Am 1 hour
Sitting with uncertainty, the feeling of a situation being out of my hands now, dependent first on the action and word of another, then dependent on the decision of a university. The next years of my life out of my control.
Sitting with annoyance, frustration in another’s actions tinged with arrogance.
Both sensations fading within minutes, slight returns as the hour unfolded, an underlying shiftiness.
Sitting with nerves in chest and belly, the familiar yet new sensation of tingles, awkward sweetness, powering reaction and thought. Unaddressed this would run all day and night would come and next morning will be the same. Sitting and not responding, breaking this cycle in stillness, sensation seen anew.

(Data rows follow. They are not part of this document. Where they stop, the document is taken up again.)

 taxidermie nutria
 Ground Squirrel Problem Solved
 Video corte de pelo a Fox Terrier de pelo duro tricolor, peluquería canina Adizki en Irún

Deep aches in the eyes and a fatigue that is not relieved in sleep, only touched in the undoing of aware non-doing.
Pm 5 mins
Felt off today, probably sugar in yesterday’s lunch. Headaches, tired, didn’t want to see or talk to anyone. Did have a good conversation with Ashleigh at lunch about her art classes and then we went to see the old geodesic structure hidden in the big hedge.
Otherwise hiding away. Watched the first of the new Twin Peaks which was equally violent, scary and somehow funny. I hope Cooper gets to stay out of the Black Lodge. We need him.